Graves disease following radioiodine therapy for toxic adenoma: Clinical case report
There is a low risk of developing Graves disease (GD) with elevated thyrotropin receptor antibodies (TRAbs) in patients undergoing radioiodine therapy for toxic adenoma.Patient concerns:
An old female patient with a history of Hashimoto thyroiditis was referred to our department due to thyrotoxic symptoms. After the administration of radioiodine, a significant remission was achieved. However, after 4 months, she was referred to our department again due to recurrence of hyperthyroid symptoms.Diagnoses:
Based on the results of laboratory test, thyroid scan and ultrasound examination, she was diagnosed as thyrotoxicosis induced by toxic adenoma at the first visit.

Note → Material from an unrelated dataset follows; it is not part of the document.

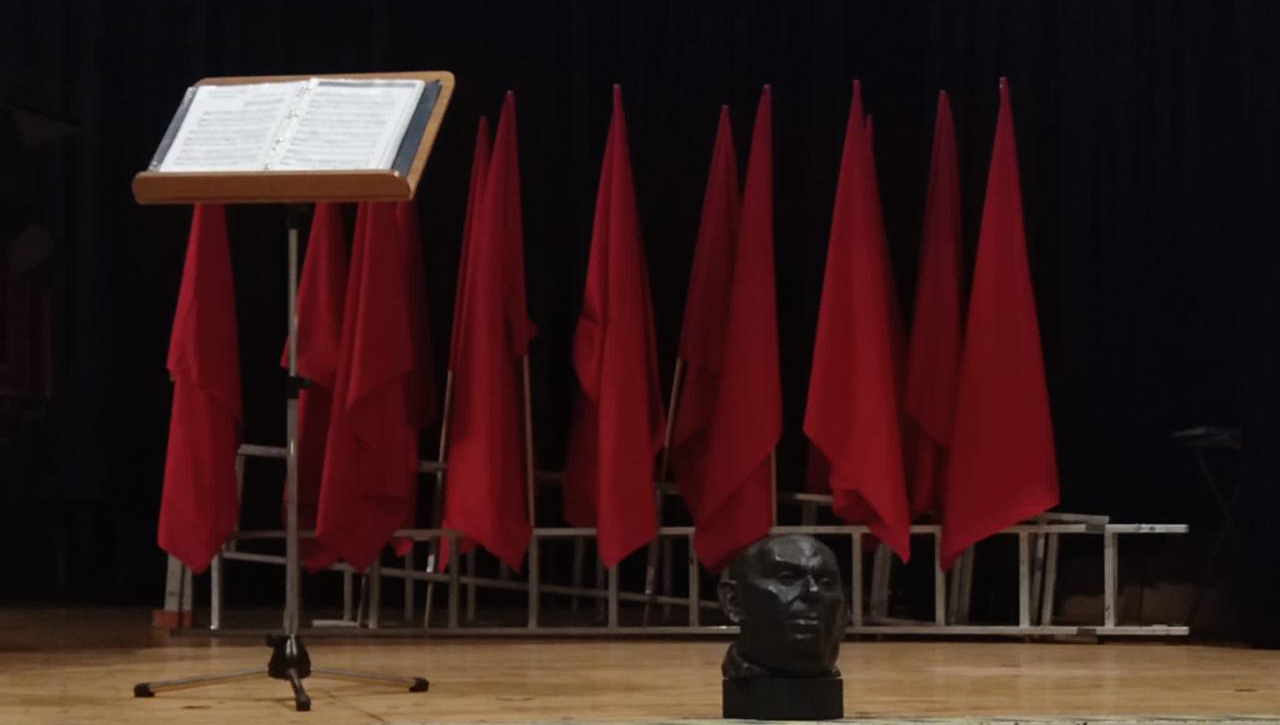 Bild von roten Flaggen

However, 4 months later, she was diagnosed as Graves’ disease at the second visit.Interventions:
She received radioiodine therapy two times with different doses of 15 mCi and 12 mCi.Outcomes:
After the administration of 15 mCi radioiodine, her thyroid hormones and clinical symptoms showed significant improvement. However, 4 months later, she presented thyrotoxicosis again. After the second radioiodine therapy with a lower dose, her clinical symptoms moved towards normalization during regular follow up.Lessons:
Toxic adenoma and GD are considered as 2 distinct disease entities; however, radioiodine therapy for toxic adenoma may induce GD. We should learn to differentiate these 2 disorders prior to radioiodine therapy because of different treatment strategies and goals.